The ransomware attack resulted in many of the company's systems being shut down.
Employees connecting from home via VPN were also cut off from Garmin's systems to stop the ransomware from spreading across the network.
Garmin was largely silent about the failure. The company tweeted on Saturday: “We currently have a Garmin Connect outage. This failure also affects our call centers. We are currently unable to receive calls, emails, or online chats. We are working to resolve this issue as soon as possible and apologize for the inconvenience. & # 39;
Brent Callow, a threat analyst at security firm Emsisoft, said he had no first-hand knowledge, but it certainly had all the characteristics of a ransomware incident.
"There is really no other event that could cause such a widespread disruption and cause a company to immediately shut down everything from its online services to its production line," said Callow.
Garmin Connect software unsuccessfully attempts to contact the company's servers to upload fitness data. Experience frustrated customers
A Twitter user posted an image showing that their Garmin smartwatch could not be updated
Garmin's online fitness tracking service is offline, so runners and cyclists cannot upload data from their latest workouts.
Garmin Connect, an app and website that works with the company's popular fitness watch line, was out of service on Sunday. The company apologized for the disruption late last week when it pointed out that the problem was more widespread and also affected its communication systems.
Garmin Aviation, which provides navigation and communication services for the cockpit, announced on its Facebook page that the website & # 39; flyGarmin & # 39; and the mobile app are not available.
Fitness enthusiasts used social media to express their frustrations at not being able to use the service.
Some Garmin users were angry that the company hadn't explained the reason for the failure within four days, while others mocked those who claimed that it disrupted their training routines
Runners said that the failure did not prevent them from training, but not using Garmin Connect means that they cannot track their training data or share their routes on Strava, a social network for runners and cyclists.
Caroline Dunn, Atlanta tech manager who runs five days a week and ended the 2018 New York Marathon, said the failure meant she and her running friends couldn't praise each other – Strava's version of Facebook's Likes – um to encourage each other.

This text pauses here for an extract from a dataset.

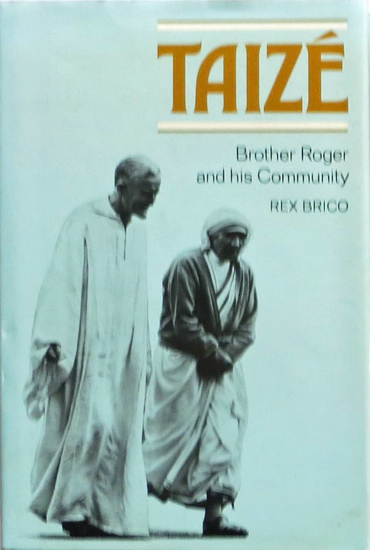 Picture of Taize Brother Roger and His Community by Rex Brico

"We don't do this for our health, we do it so that we can brag about our friends," said Dunn light-heartedly. “Now that we're all socially distant, I don't run in a group with my friends and they don't watch me run. I have to brag about all my runs online with my friends. & # 39;
The failure also prevents athletes from being able to demonstrate that they have completed virtual runs that replace the many races that were canceled due to the pandemic, Dunn said. Runners using the Garmin system cannot be classified because they cannot send GPS data to organizers.
A selection of Garmin's most popular products is shown above in a file photo
Smartwatch maker Garmin suffers from widespread outages after reportedly being attacked in a ransomware attack. A notification of the update can be found on the company's website
Connecticut runner Megan Flood saw the continued failure as both a curse and a blessing.

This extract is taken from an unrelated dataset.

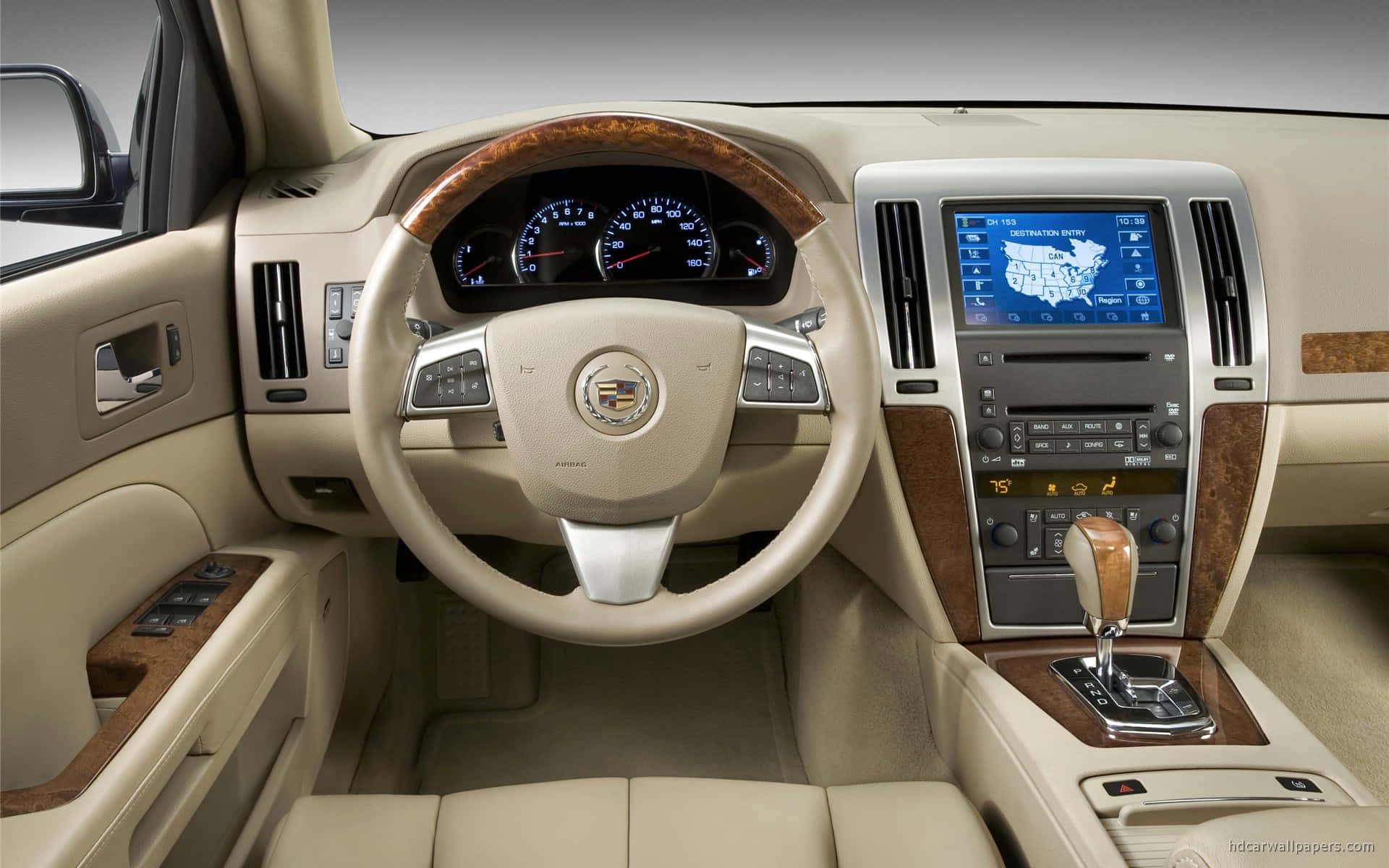 A Modern Car Interior With Comfort And Style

"It's partly frustrating because my Garmin is connected to my Strava (fitness app) and I like the community aspect of Strava," said Flood, 27, on Friday. “But sometimes it's nice not to be so connected to my device. I drove some of my best races when I forgot my watch or covered my watch face. So I think there are advantages and disadvantages associated with a watch. & # 39;
Tech-savvy users shared a workaround: Connect the watch to a computer with a USB cable and transfer the files manually.
Some users also complained that Garmin's lack of communication was a bigger problem.